The evening of March 25th was an intensely interesting one to me. It was passed with the President alone in his study, marked by no interruptions. Busy with pen and papers when I entered, he presently threw them aside, and commenced talking again about Shakspeare. Little Tad coming in, he sent him to the library for a copy of the plays, from which he read aloud several of his favorite passages. Relapsing into a sadder strain, he laid the book aside, and leaning back in his chair, said, “There is a poem that has been a great favorite with me for years, to which my attention was first called when a young man, by a friend, and which I afterward saw and cut from a newspaper, and carried in my pocket, till by frequent reading I had it by heart. I would give a great deal,” he added, “to know who wrote it, but I never could ascertain.” Then, half closing his eyes, he repeated the poem, “Oh! why should the spirit of mortal be proud?” Surprised and delighted, I told him that I should greatly prize a copy of the lines. He replied that he had recently written them out for Mrs. Stanton, but promised that when a favorable opportunity occurred he would give them to me.

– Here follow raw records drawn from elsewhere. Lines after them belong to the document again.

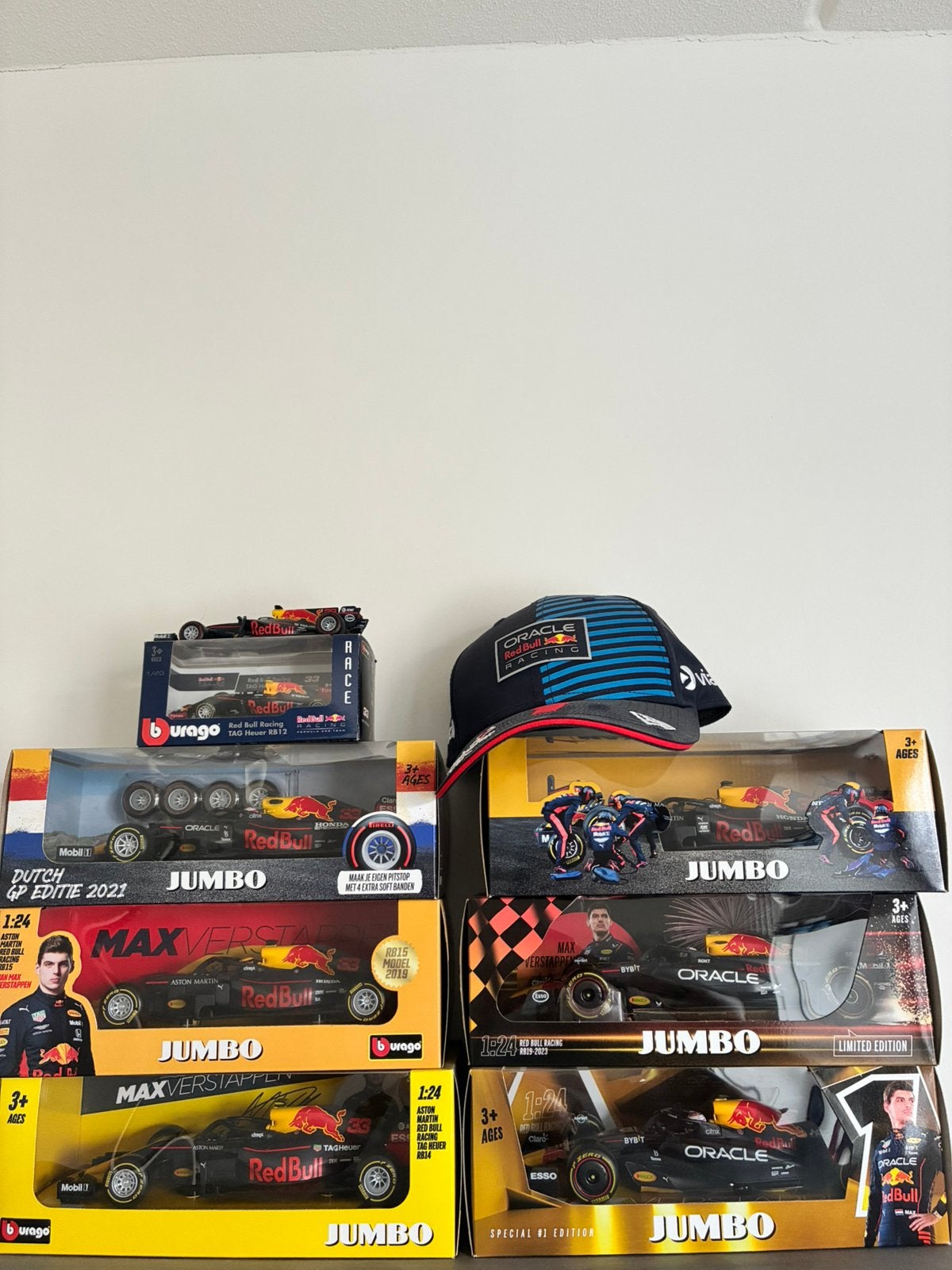 Modelauto’s + Pet Max Verstappen, Ophalen of Verzenden, Zo goed als nieuw, Bburago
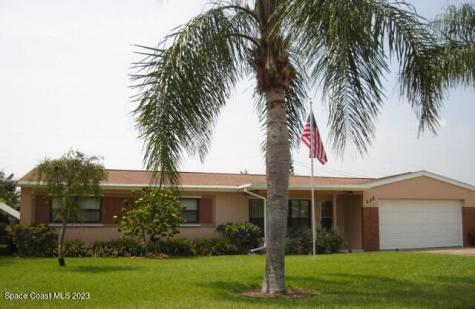 239 Ellwood Avenue Satellite Beach FL 32937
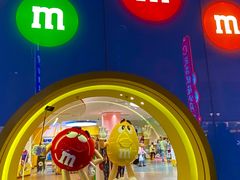 -m豆巧克力世界(上海世茂广场店)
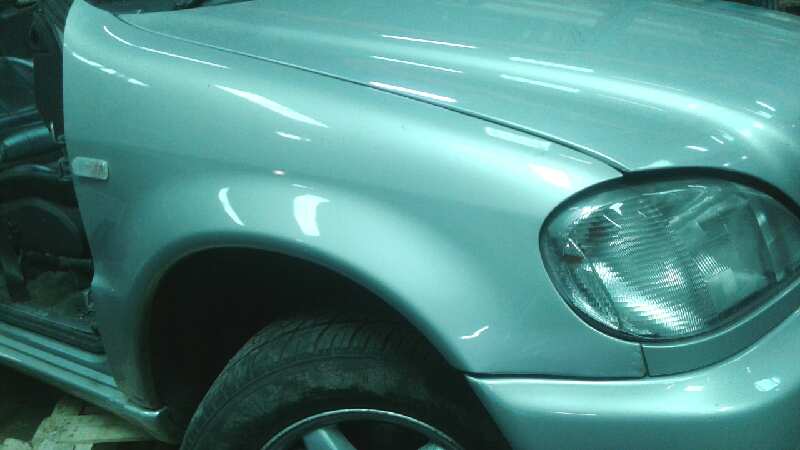 ALETA DELANTERA DERECHA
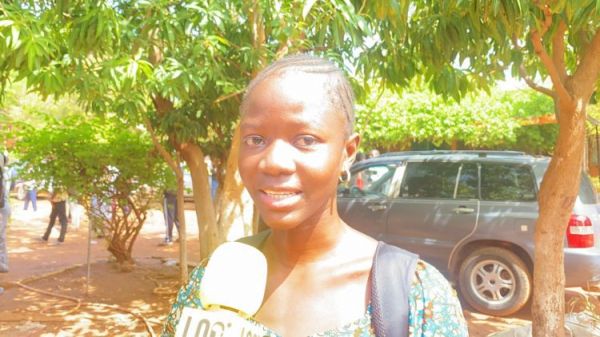 BAC 2025 : Amina Dramé décroche la mention « Très bien » au lycée Vénégré de Ouaga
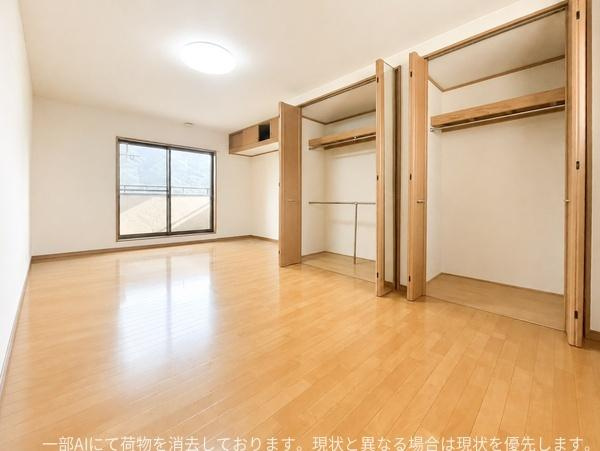 口戸　戸建ての洋室|洋室はシンプルな内装で落ち着いた雰囲気が広がっています。広々とした空間が魅力で収納スペースも充実しています。大きな窓があり採光もしっかりと確保されています。クローゼットは扉付きで整理もしやすいです。
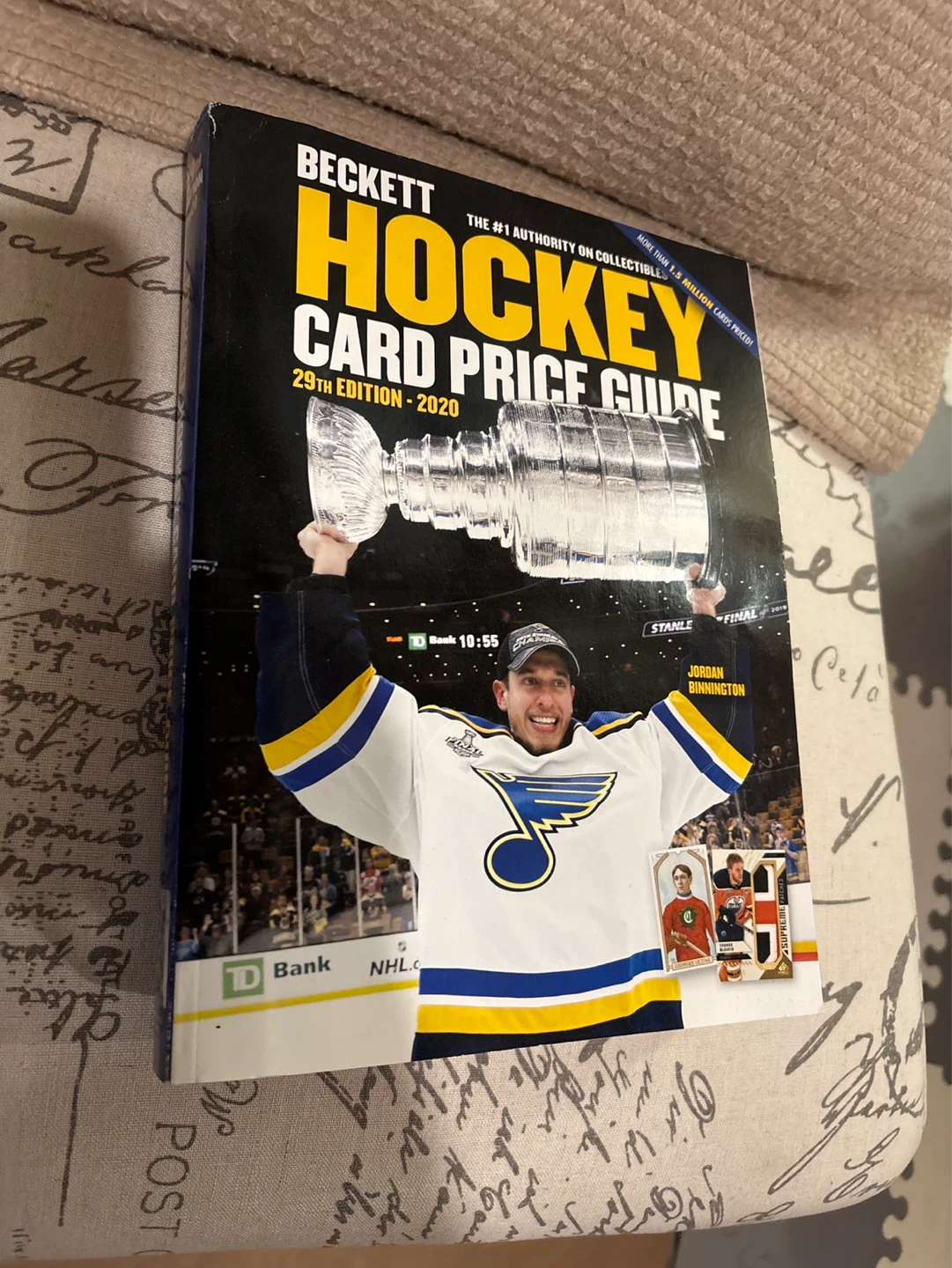 Beckett Hockey Card Price Guide 29th Edition - 2020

Varying the subject, he continued: “There are some quaint, queer verses, written, I think, by Oliver Wendell Holmes, entitled, ‘The Last Leaf,’ one of which is to me inexpressibly touching. He then repeated these also from memory. The verse he referred to occurs in about the middle of the poem, and is this:—

“The mossy marbles rest

On the lips that he has pressed

In their bloom;

And the names he loved to hear

Have been carved for many a year

On the tomb.”

As he finished this verse, he said, in his emphatic way, “For pure pathos, in my judgment, there is nothing finer than those six lines in the English language!”

A day or two afterward, he asked me to accompany him to the temporary studio, at the Treasury Department, of Mr. Swayne, the sculptor, who was making a bust of him. While he was sitting, it occurred to me to improve the opportunity to secure the promised poem. Upon mentioning the subject, the sculptor surprised me by saying that he had at his home, in Philadelphia, a printed copy of the verses, taken from a newspaper some years previous. The President inquired if they were published in any connection with his name. Mr. Swayne said that they purported to have been written “by Abraham Lincoln.” “I have heard of that before, and that is why I asked,” returned the President. “But there is no truth in it. The poem was first shown to me by a young man named ‘Jason Duncan,’ many years ago.”